EXERCISE GOAL = Everything from the line with "Mochila porta alimentos" down to the last line of the material below must be written out exactly. Leave out all other lines.

DATASET EXTRACT =

= = = = =

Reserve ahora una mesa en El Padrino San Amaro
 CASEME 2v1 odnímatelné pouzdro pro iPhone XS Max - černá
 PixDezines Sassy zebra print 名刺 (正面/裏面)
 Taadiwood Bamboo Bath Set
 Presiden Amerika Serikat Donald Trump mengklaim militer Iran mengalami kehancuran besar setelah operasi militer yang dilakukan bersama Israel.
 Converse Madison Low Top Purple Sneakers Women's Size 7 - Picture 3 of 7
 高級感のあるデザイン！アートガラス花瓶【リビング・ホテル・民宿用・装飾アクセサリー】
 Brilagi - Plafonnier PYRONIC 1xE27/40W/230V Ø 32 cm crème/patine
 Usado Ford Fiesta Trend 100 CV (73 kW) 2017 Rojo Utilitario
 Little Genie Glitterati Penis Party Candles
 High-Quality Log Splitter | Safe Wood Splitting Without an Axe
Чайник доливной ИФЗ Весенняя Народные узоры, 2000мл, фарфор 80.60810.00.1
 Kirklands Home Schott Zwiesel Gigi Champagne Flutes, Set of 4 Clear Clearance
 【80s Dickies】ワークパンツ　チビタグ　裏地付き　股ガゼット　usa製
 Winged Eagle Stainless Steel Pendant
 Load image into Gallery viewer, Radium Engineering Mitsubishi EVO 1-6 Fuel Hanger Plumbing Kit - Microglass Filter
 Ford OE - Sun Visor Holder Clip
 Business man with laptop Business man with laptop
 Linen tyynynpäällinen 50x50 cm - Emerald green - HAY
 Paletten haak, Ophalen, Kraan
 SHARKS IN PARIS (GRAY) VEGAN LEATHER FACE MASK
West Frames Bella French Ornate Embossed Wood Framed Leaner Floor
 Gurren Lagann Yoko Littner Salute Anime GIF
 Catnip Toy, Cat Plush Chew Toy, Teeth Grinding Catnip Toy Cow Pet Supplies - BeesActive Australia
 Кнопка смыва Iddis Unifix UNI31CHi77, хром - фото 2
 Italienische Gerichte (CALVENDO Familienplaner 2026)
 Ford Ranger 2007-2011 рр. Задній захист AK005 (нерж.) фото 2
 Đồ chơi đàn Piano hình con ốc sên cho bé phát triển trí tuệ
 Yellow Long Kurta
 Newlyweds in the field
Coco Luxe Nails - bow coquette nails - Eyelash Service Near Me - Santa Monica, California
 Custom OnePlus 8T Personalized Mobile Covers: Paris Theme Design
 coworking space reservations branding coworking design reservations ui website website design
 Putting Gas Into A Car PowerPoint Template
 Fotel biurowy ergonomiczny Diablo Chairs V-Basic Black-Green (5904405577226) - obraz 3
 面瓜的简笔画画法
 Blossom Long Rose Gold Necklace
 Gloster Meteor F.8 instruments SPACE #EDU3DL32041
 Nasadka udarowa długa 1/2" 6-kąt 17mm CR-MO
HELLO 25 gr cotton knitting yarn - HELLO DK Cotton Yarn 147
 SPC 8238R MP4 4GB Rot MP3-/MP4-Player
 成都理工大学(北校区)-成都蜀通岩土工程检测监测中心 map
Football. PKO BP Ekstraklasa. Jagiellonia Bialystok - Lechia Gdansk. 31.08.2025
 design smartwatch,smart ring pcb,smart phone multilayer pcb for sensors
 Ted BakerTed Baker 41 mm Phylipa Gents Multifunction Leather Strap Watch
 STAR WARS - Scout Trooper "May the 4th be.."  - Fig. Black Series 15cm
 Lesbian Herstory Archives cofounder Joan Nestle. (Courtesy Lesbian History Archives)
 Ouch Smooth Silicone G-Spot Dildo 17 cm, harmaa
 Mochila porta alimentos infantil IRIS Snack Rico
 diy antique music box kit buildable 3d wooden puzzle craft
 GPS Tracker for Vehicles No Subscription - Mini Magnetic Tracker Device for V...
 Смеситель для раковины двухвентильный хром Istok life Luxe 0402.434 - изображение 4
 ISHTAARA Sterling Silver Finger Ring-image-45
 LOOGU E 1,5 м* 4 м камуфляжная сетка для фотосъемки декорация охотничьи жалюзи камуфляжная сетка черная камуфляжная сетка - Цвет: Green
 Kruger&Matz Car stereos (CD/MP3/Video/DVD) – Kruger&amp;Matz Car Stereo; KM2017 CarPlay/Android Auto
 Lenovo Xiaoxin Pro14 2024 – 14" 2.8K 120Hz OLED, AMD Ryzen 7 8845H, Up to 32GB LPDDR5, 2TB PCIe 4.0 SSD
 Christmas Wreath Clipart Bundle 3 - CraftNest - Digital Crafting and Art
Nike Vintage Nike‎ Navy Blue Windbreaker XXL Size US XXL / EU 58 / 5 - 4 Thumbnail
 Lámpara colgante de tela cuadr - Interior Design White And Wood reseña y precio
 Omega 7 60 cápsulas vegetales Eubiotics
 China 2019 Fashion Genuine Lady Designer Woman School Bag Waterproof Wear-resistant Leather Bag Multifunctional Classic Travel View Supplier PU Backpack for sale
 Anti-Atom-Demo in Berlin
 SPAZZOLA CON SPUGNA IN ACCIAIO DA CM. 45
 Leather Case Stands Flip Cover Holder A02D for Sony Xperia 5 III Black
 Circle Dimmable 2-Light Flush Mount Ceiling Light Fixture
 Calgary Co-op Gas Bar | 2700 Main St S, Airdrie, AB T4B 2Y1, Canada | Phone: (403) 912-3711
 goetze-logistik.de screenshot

= = = = =

RESPONSE TO THE EXERCISE =
 Mochila porta alimentos infantil IRIS Snack Rico
 diy antique music box kit buildable 3d wooden puzzle craft
 GPS Tracker for Vehicles No Subscription - Mini Magnetic Tracker Device for V...
 Смеситель для раковины двухвентильный хром Istok life Luxe 0402.434 - изображение 4
 ISHTAARA Sterling Silver Finger Ring-image-45
 LOOGU E 1,5 м* 4 м камуфляжная сетка для фотосъемки декорация охотничьи жалюзи камуфляжная сетка черная камуфляжная сетка - Цвет: Green
 Kruger&Matz Car stereos (CD/MP3/Video/DVD) – Kruger&amp;Matz Car Stereo; KM2017 CarPlay/Android Auto
 Lenovo Xiaoxin Pro14 2024 – 14" 2.8K 120Hz OLED, AMD Ryzen 7 8845H, Up to 32GB LPDDR5, 2TB PCIe 4.0 SSD
 Christmas Wreath Clipart Bundle 3 - CraftNest - Digital Crafting and Art
Nike Vintage Nike‎ Navy Blue Windbreaker XXL Size US XXL / EU 58 / 5 - 4 Thumbnail
 Lámpara colgante de tela cuadr - Interior Design White And Wood reseña y precio
 Omega 7 60 cápsulas vegetales Eubiotics
 China 2019 Fashion Genuine Lady Designer Woman School Bag Waterproof Wear-resistant Leather Bag Multifunctional Classic Travel View Supplier PU Backpack for sale
 Anti-Atom-Demo in Berlin
 SPAZZOLA CON SPUGNA IN ACCIAIO DA CM. 45
 Leather Case Stands Flip Cover Holder A02D for Sony Xperia 5 III Black
 Circle Dimmable 2-Light Flush Mount Ceiling Light Fixture
 Calgary Co-op Gas Bar | 2700 Main St S, Airdrie, AB T4B 2Y1, Canada | Phone: (403) 912-3711
 goetze-logistik.de screenshot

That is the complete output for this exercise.